Crawled caption data:
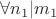 $\forall n_1|m_1$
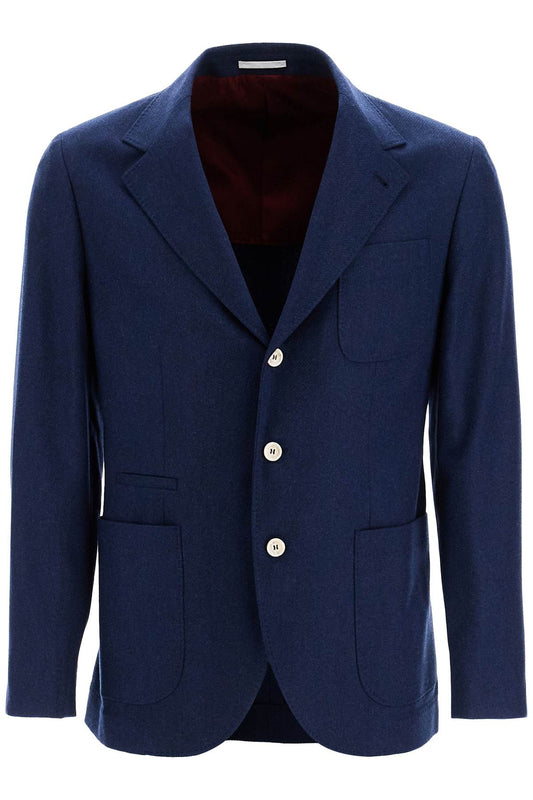 Wool, Silk And Cashmere Blend  - Blue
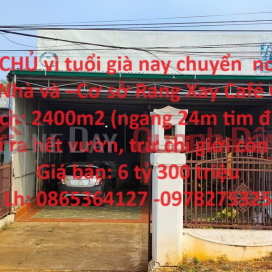 The OWNER, due to his old age, has moved to another location and needs to sell his house and Quoc Huy Coffee Roasting Facility _0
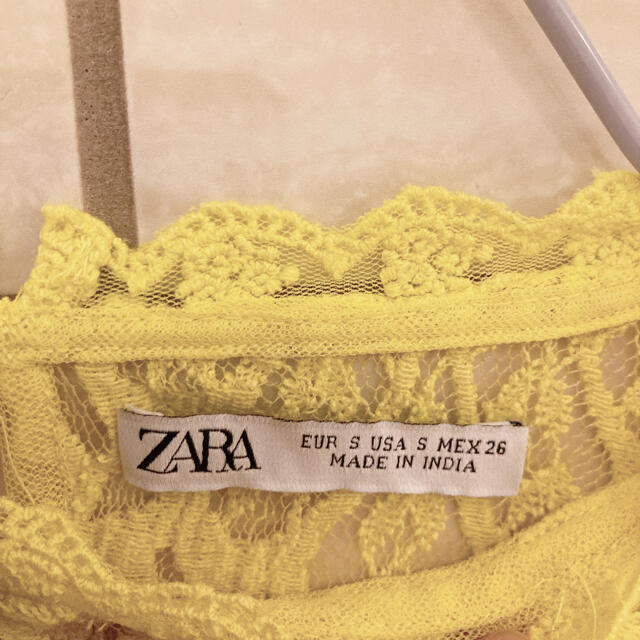 ZARA(ザラ)のレース　トップス ZARA レディースのトップス(カットソー(半袖/袖なし))の商品写真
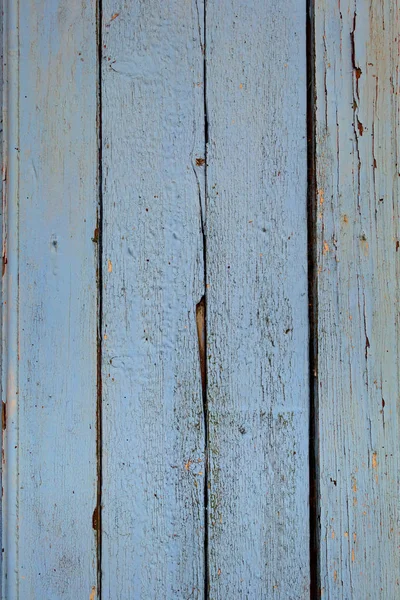 Vieux panneau de bois peint en bleu — Photo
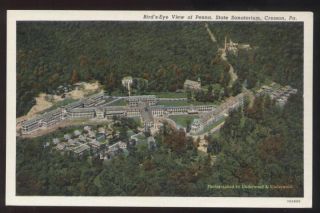 Postcard Cresson PA Sanatorium Aerial View 1930S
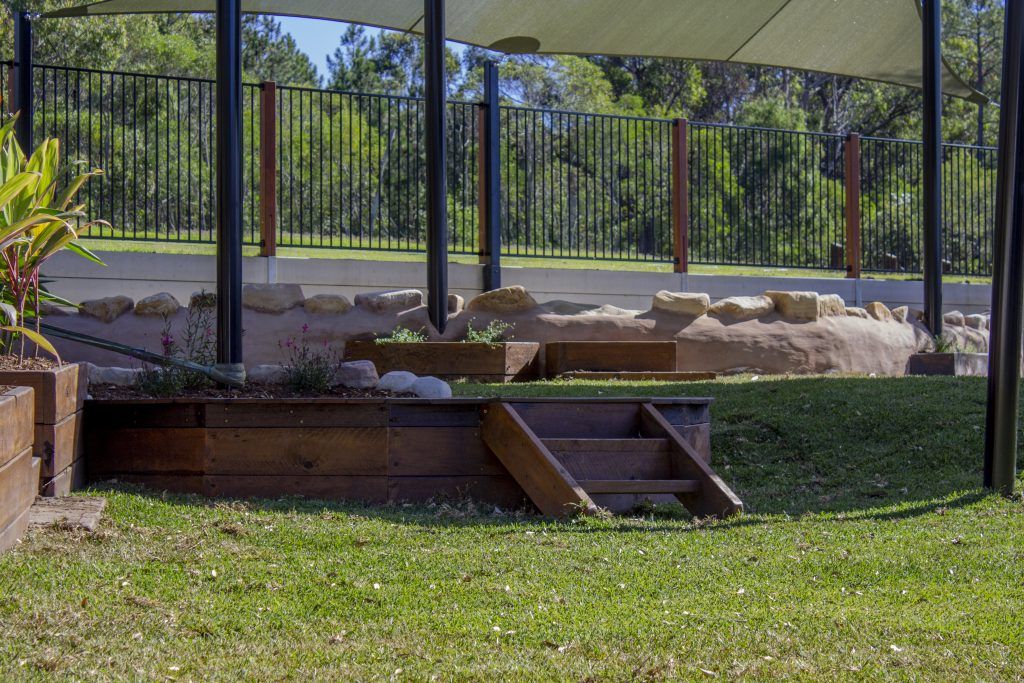 Outdoor Play areas. Childcare, kindy, Montessori, Gold Coast, Warwick, Jindabyne.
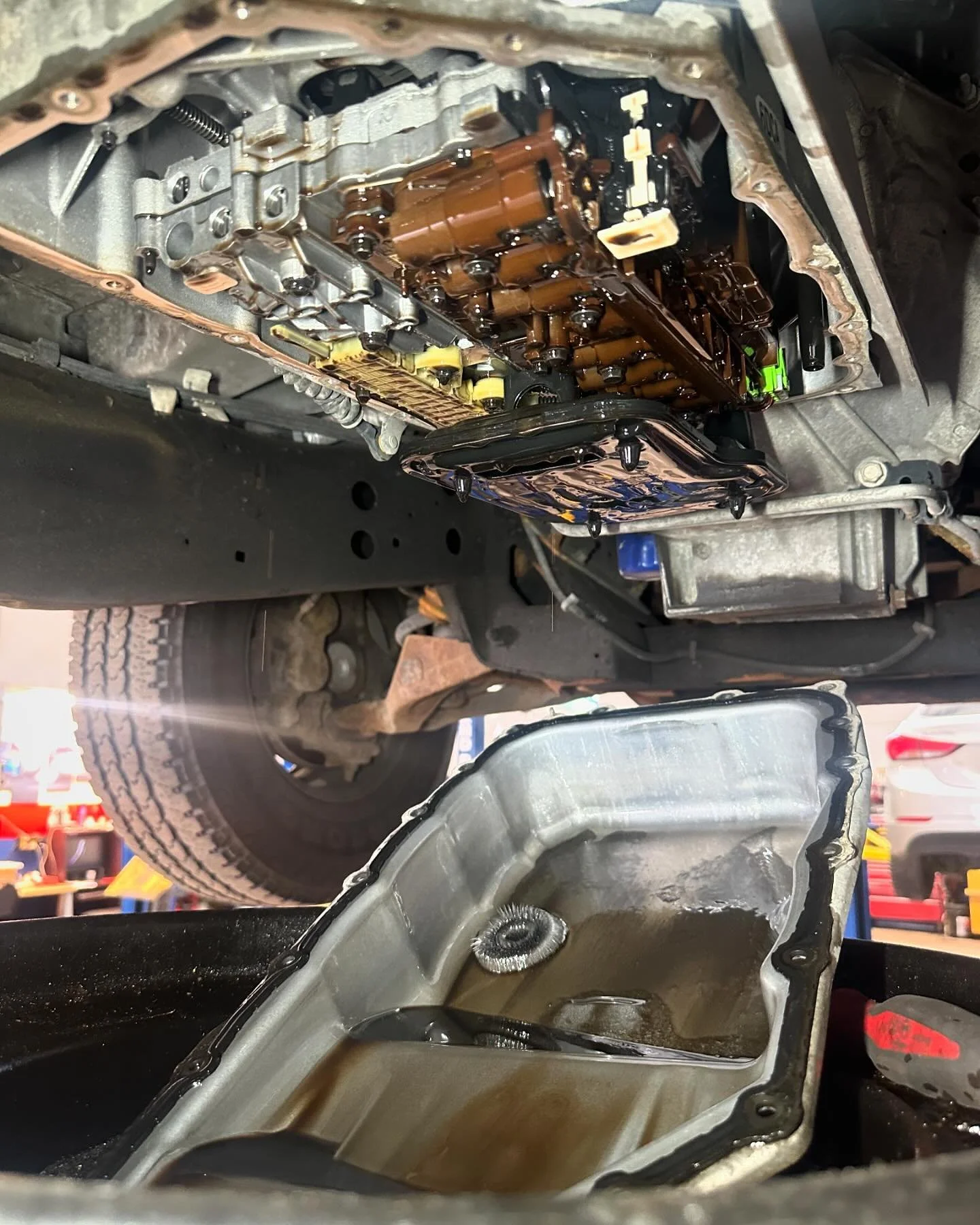 Rebuild transmission on this 2013 Chevy Express! Transmission was cooked 😬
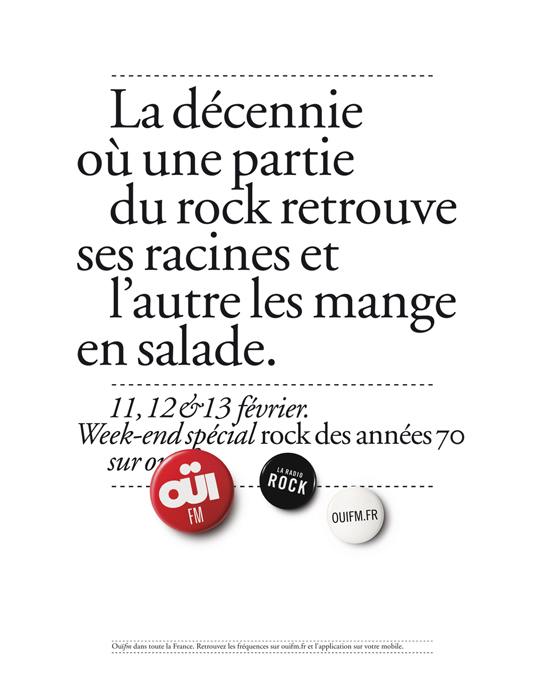 Campagne OuïFM - Week-end Spécial - Rock des années 70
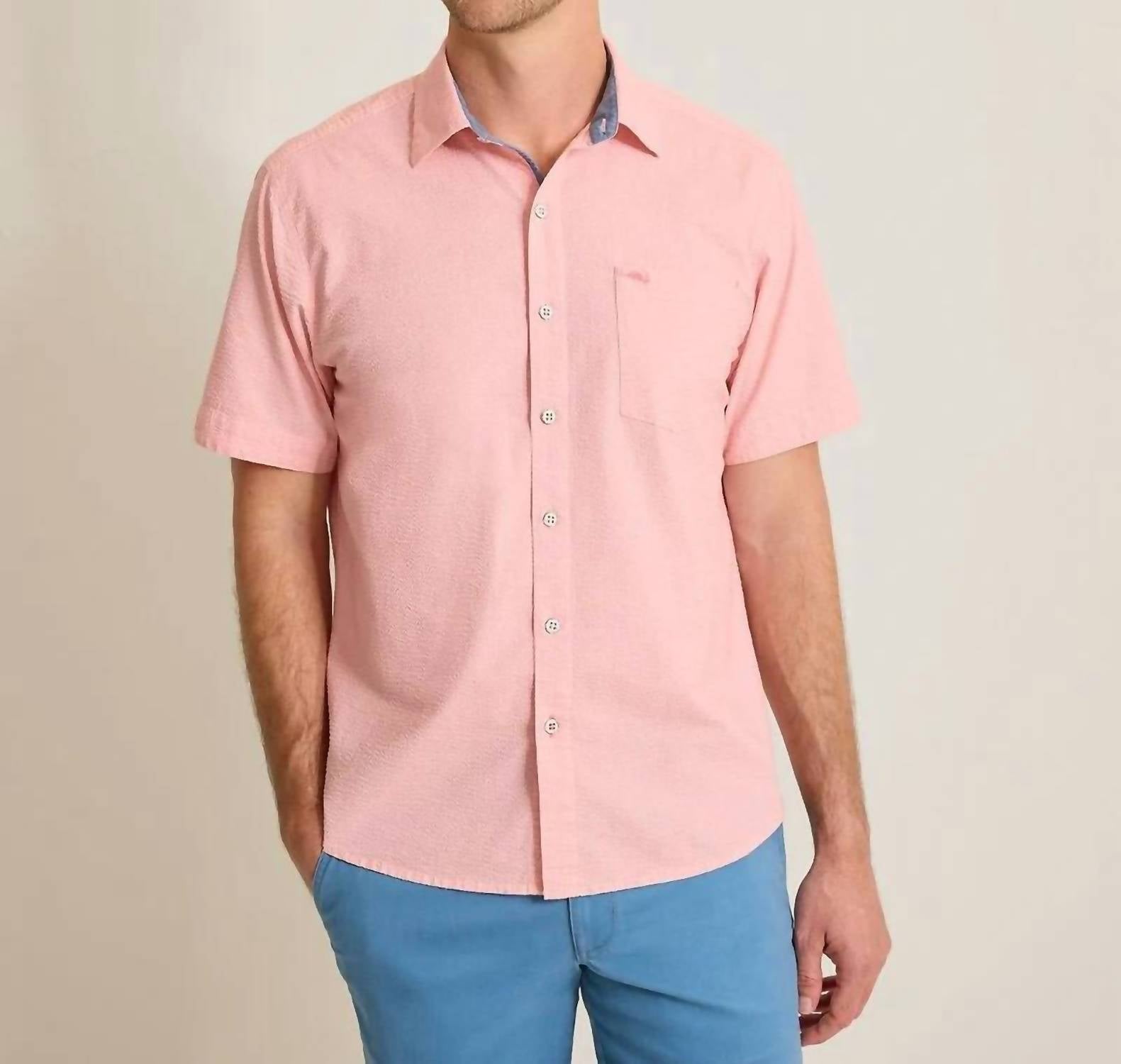 Tommy Bahama - Nova Wave Cotton Blend Short Sleeve Shirt
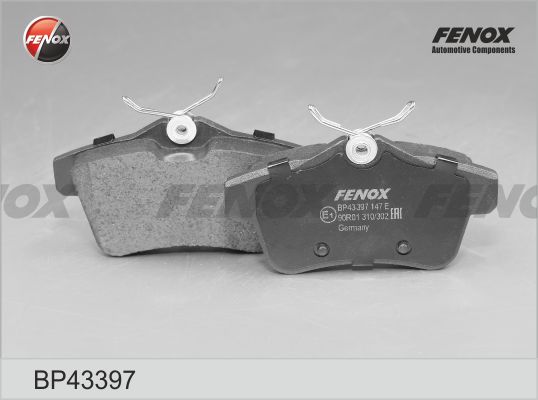 FENOX BP43397 - Тормозные колодки 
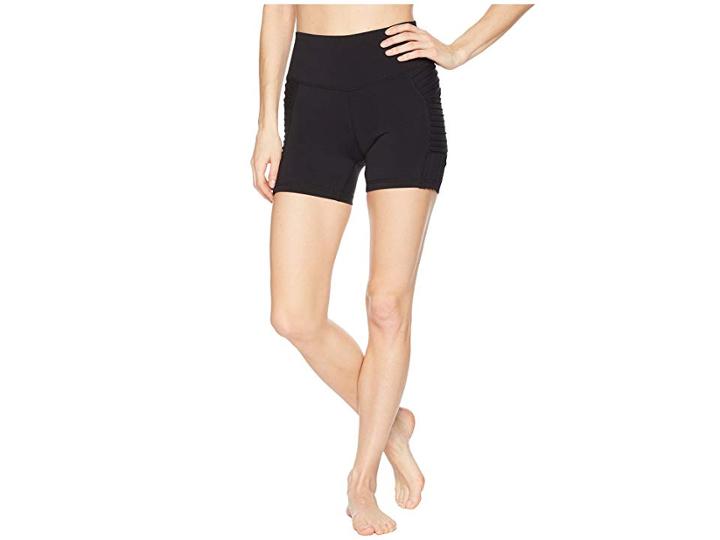Alo High-waist Storm Shorts (black) Women's Shorts
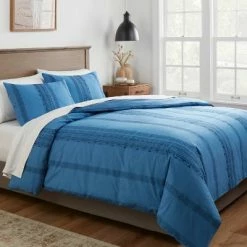 Best deal ⭐ Cotton Jacquard Pattern Duvet Cover & Sham Set - Threshold™ Dark Gold 🧨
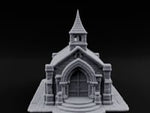 Spire-Capped Arch-Doored Gothic Stone Chapel turntable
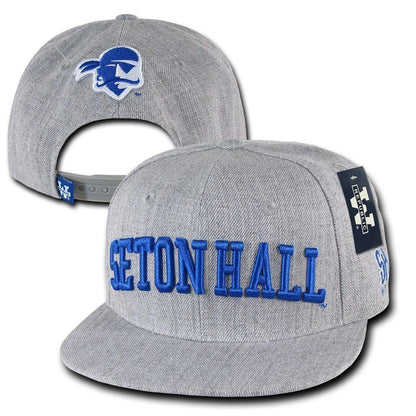 NCAA Seton Hall University Pirates Game Day Snapback Caps Hats Heather Grey-Campus-Wardrobe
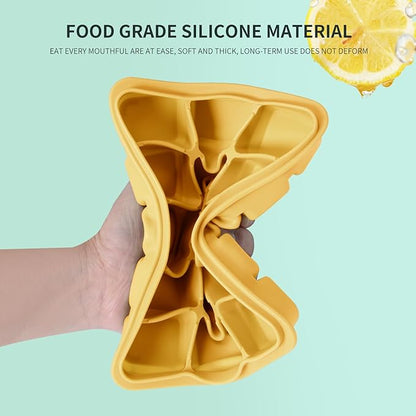 Tvmania Ice Cube Trays Set of 2, Easy Release 15 Flexible Silicone Ice Cube Molds with Removable Lid Reusable Freezer Ice Trays Stackable for Whiskey, Baby Food, BPA Free (yellow) - Image 5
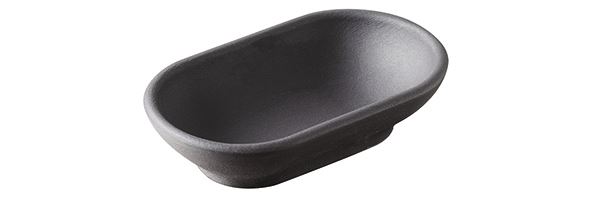 Baguette 4/6 macarons porcelaine noir Revol Porcelaine - 050605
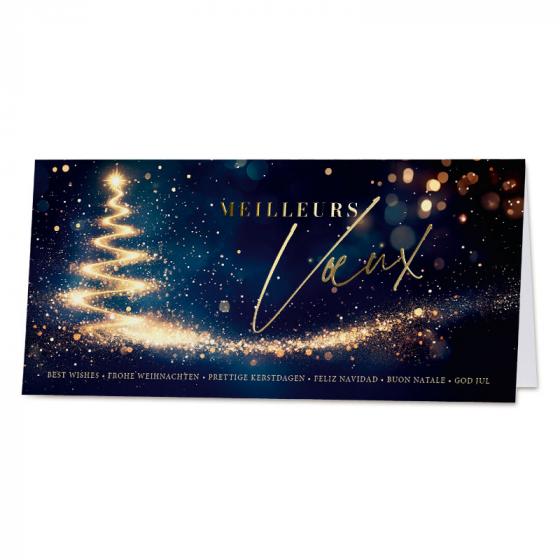 Carte de vœux 2026 élégante et internationale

TASK ITEM:
Your answer must be an exact transcription of every entry, minus the pictures.

SOLUTION BELOW:
 $\forall n_1|m_1$
 Wool, Silk And Cashmere Blend  - Blue
 The OWNER, due to his old age, has moved to another location and needs to sell his house and Quoc Huy Coffee Roasting Facility _0
 ZARA(ザラ)のレース　トップス ZARA レディースのトップス(カットソー(半袖/袖なし))の商品写真
 Vieux panneau de bois peint en bleu — Photo
 Postcard Cresson PA Sanatorium Aerial View 1930S
 Outdoor Play areas. Childcare, kindy, Montessori, Gold Coast, Warwick, Jindabyne.
 Rebuild transmission on this 2013 Chevy Express! Transmission was cooked 😬
 Campagne OuïFM - Week-end Spécial - Rock des années 70
 Tommy Bahama - Nova Wave Cotton Blend Short Sleeve Shirt
 FENOX BP43397 - Тормозные колодки 
Alo High-waist Storm Shorts (black) Women's Shorts
 Best deal ⭐ Cotton Jacquard Pattern Duvet Cover & Sham Set - Threshold™ Dark Gold 🧨
 Spire-Capped Arch-Doored Gothic Stone Chapel turntable
 NCAA Seton Hall University Pirates Game Day Snapback Caps Hats Heather Grey-Campus-Wardrobe
 Tvmania Ice Cube Trays Set of 2, Easy Release 15 Flexible Silicone Ice Cube Molds with Removable Lid Reusable Freezer Ice Trays Stackable for Whiskey, Baby Food, BPA Free (yellow) - Image 5
 Baguette 4/6 macarons porcelaine noir Revol Porcelaine - 050605
 Carte de vœux 2026 élégante et internationale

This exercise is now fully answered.